Police arrested Sabri on April 4, 2018, during a raid on the Giza office of Masr al-Arabia, during which police detained several of the outlet’s journalists for about five hours, according to Masr al-Arabia, the Arab Network for Human Rights Information local press freedom group, and news reports. Police later ordered staff to leave the building before sealing the doors with red wax, according to Masr al-Arabia, according to the same sources.
A prosecutor charged Sabri with spreading false news and operating a website without a license, according to reports. For the first five months of his detention, authorities repeatedly renewed the journalist’s 15-day pretrial detention period, his outlet reported.
Before the raid and arrest, Egypt’s media regulator, the High Council for Media, had ordered the outlet to pay a fine of 50,000 Egyptian pounds (US$2,841) for allegedly violating election regulations, according to news reports.
The regulator issued the fine on April 1, 2018 after Masr al-Arabia published an Arabic translation of a critical New York Times report alleging election violations. The regulator accused the site of using a foreign paper’s reporting without verifying the facts, according to reports. The website refused to pay the fine, according to the Masr al-Arabia statement.
Egyptian authorities blocked the Masr al-Arabia website in May 2017, the government’ s official Middle East News Agency reported at the time. As of late 2019, the site was still blocked in Egypt, but accessible through virtual private networks (VPNs). The website’s staff work remotely, according to a statement from Masr al-Arabia issued after the raid.
A Giza criminal court on July 9, 2018 ordered Sabri to be released on bail of 10,000 Egyptian pounds (US$560), his employer, citing his lawyer, reported. However, the following day a prosecutor issued a new warrant for Sabri on charges of spreading false news and "membership of a banned group," as part of a mass trial known as 441, according to his outlets and ANHRI.
The mass trial came as Egypt’s crackdown on the press deepened in 2018; authorities ratcheted up their rhetoric against media outlets as President Abdel Fattah el-Sisi ran for and won re-election.

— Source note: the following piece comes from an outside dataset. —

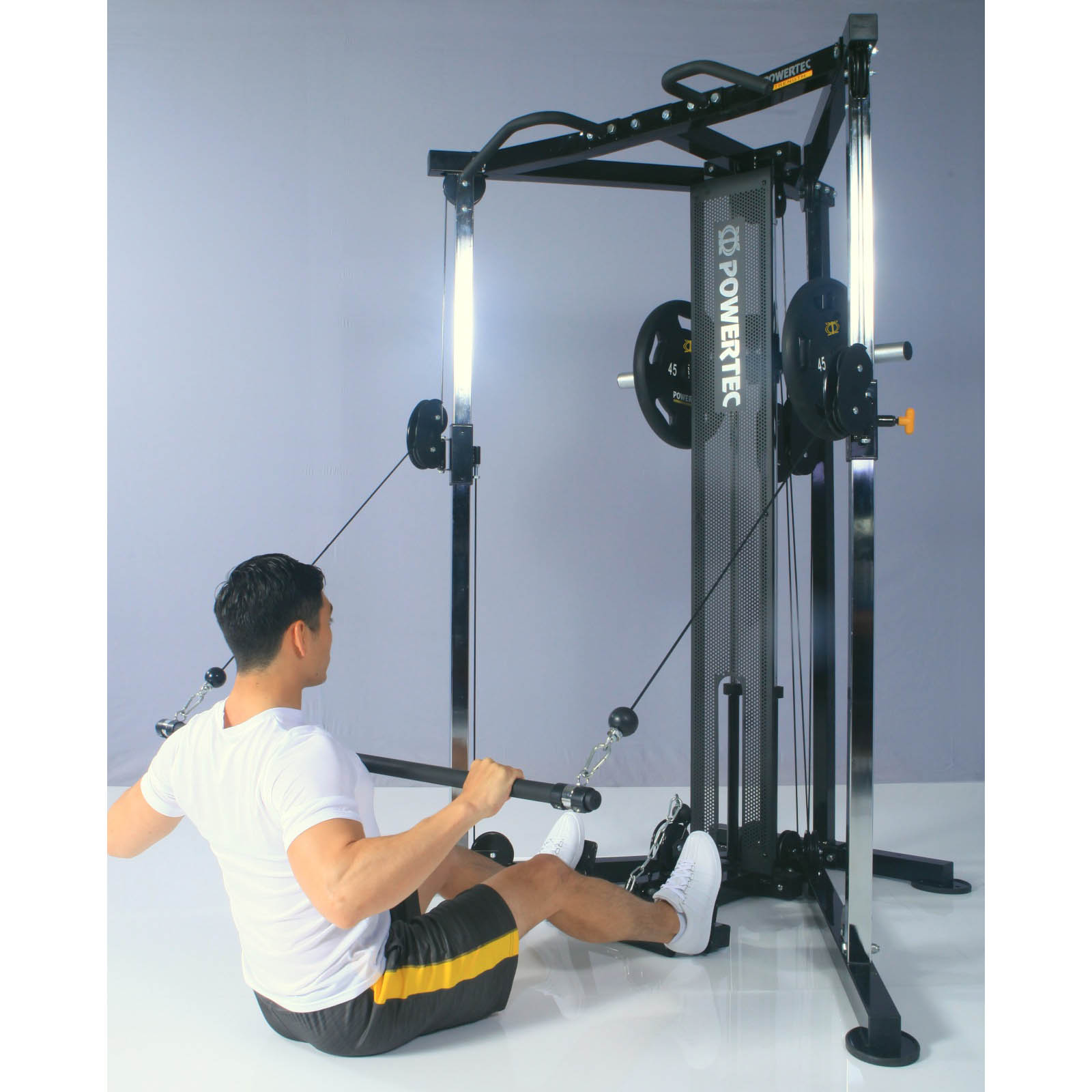 A man doing a seated lat pulldown on a cable crossover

At hearings in 2019, the Cairo criminal court repeatedly extended Sabri’s pretrial detention, including on August 27, 2019, according to the local press freedom group Egyptian Observatory for Journalism and Media. On July 20, the court renewed Sabri’s pretrial detention period without him or his lawyer being present, according to Egyptian Observatory for Journalism and Media, and the local rights group Regional Center for Rights and Liberties.
As of late 2019, the Ministry of Interior, which has oversight of the police and prison system, and the prosecutor general’s office had not answered CPJ’s emails requesting comment.